One of the biggest points of confusion about sunscreen is which SPF you should buy. The assumption is that the higher the SPF, the greater the protection. Technically, that’s true, but only to a point.
“We tell people that SPF 30 to 50 is the sweet spot,” said Gloria Lu, a cosmetic chemist and co-author, with Victoria Fu, of Skincare Decoded. “SPF 50 blocks 98 percent of UV rays but SPF 30 blocks 97 percent. The difference is not as great as people think.”
Critics say that standard SPF tests do not replicate real-world conditions, which means that labels and use recommendations are not likely to provide the protection that consumers think they’re getting.
Most sunscreen labels advise consumers to reapply sunscreen every two hours, or when it washes off or dilutes with sweat or water. But that’s just not realistic, say experts.
Simply reapplying every two hours does not take into consideration real-world conditions: the time of day (and thus, the intensity of the sun’s rays); activities that can erode the sunscreen film from one’s skin (such as high-contact activities like sliding, or carrying children); and, of course, how sweat and water dilute sunscreen. Swimming isn’t the only water activity that sloughs off sunscreen: watering plants while gardening and frequent handwashing necessitate endless reapplication of sunscreen.
The biggest issue, said Beth Goldstein, a dermatologist and founder of the Central Dermatology Center, is that lab tests assume a thicker layer of sunscreen to obtain the promised sun protection factor (SPF) but consumers prefer lighter, more sheer, and less obvious applications. Intuitively, she said, consumers use less sunscreen to avoid a theatrical makeup look, but in doing so, inadvertently forfeit the level of protection they think they’re getting.
“If you put on a product with an SPF of 15, you’re actually probably getting an SPF of 4,” said Goldstein. “That’s why the higher SPF numbers are recommended.”
The industry is moving fast to offer a variety of products that address consumer concerns.

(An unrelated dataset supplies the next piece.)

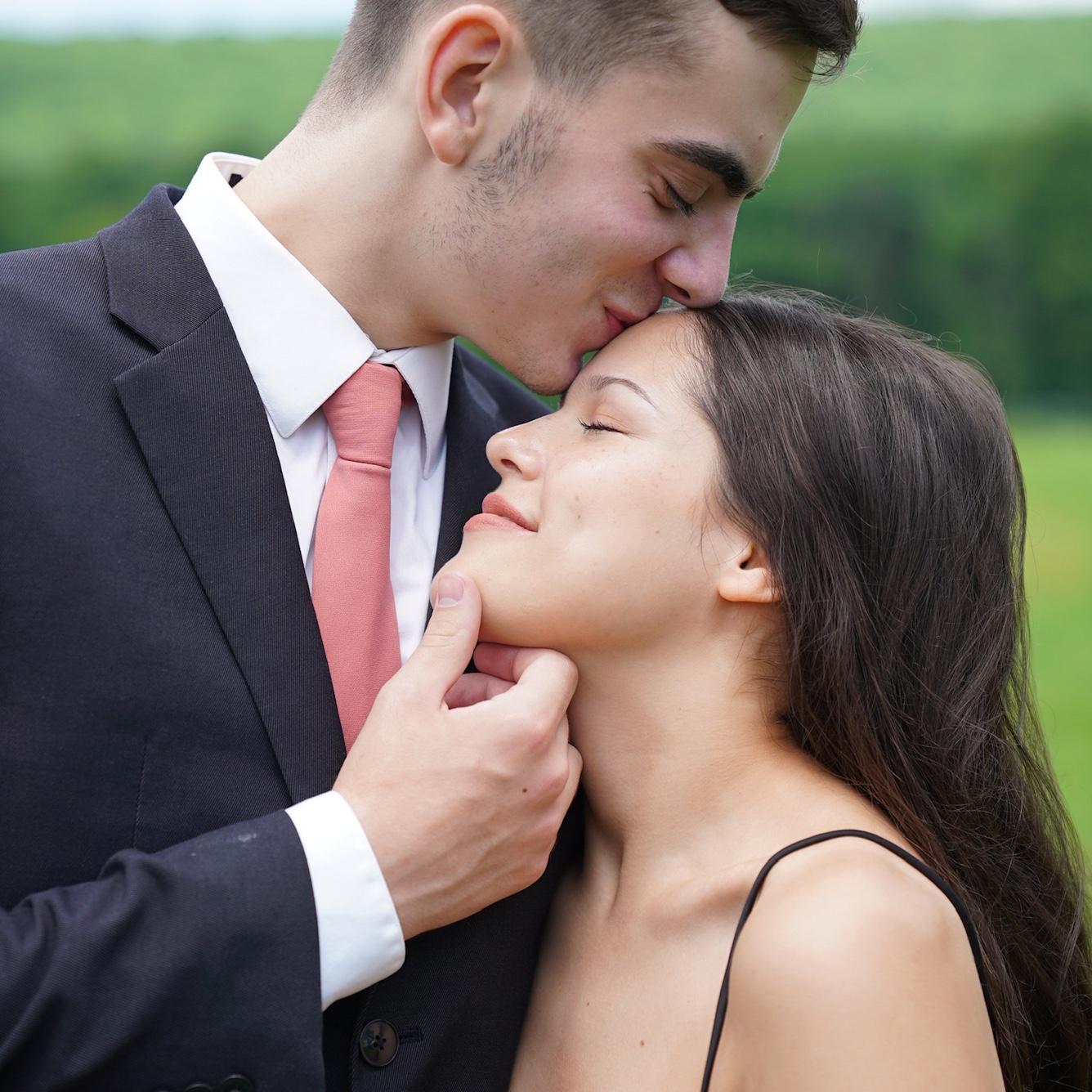 High school graduation before beginning a year of long-distance relationship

For instance, some new formulations do not include chemicals that can cause environmental damage while providing sheer, effective protection.
Experiment with formulations and then stick with the one that you will actually use on a daily basis, said Goldstein. Sun exposure adds up, with skin cancers typically emerging in late middle age. “UVB causes DNA damage to your skin’s basal layers,” said Goldstein. “Your tan fades, but the damage to your DNA does not.
Mineral Sunscreen vs. Chemical Sunscreen
Mineral sunscreens suspend sunblocking minerals (zinc oxide or titanium dioxide) in a cream. Applied with a heavy hand, mineral-based sunscreens can cast a white mask over the user’s face, but some newer products offer sheer formulations that eliminate the issue.
Chemical sunscreens rely on chemicals to react with incoming UVA and UVB rays and neutralize the rays’ effects on skin. Chemical sunscreens must be used carefully, as frequently applied, thick layers can leach chemicals into the user’s skin.
Dermatologists recommend these broad-spectrum brands, easily ordered online or found at cosmetics specialty stores:
- Elta MD. This dermatologist-created mineral sunscreen quickly blends into skin, providing translucent protection.
- Sonrei sunscreen. Available in both chemical and mineral options, this sunscreen is also reef-safe.
- GetMr. Dermatologist Beth Goldstein found that her male patients valued convenience, so she launched this all-in-one sunscreen and moisturizer that’s specifically formulated for daily use by men.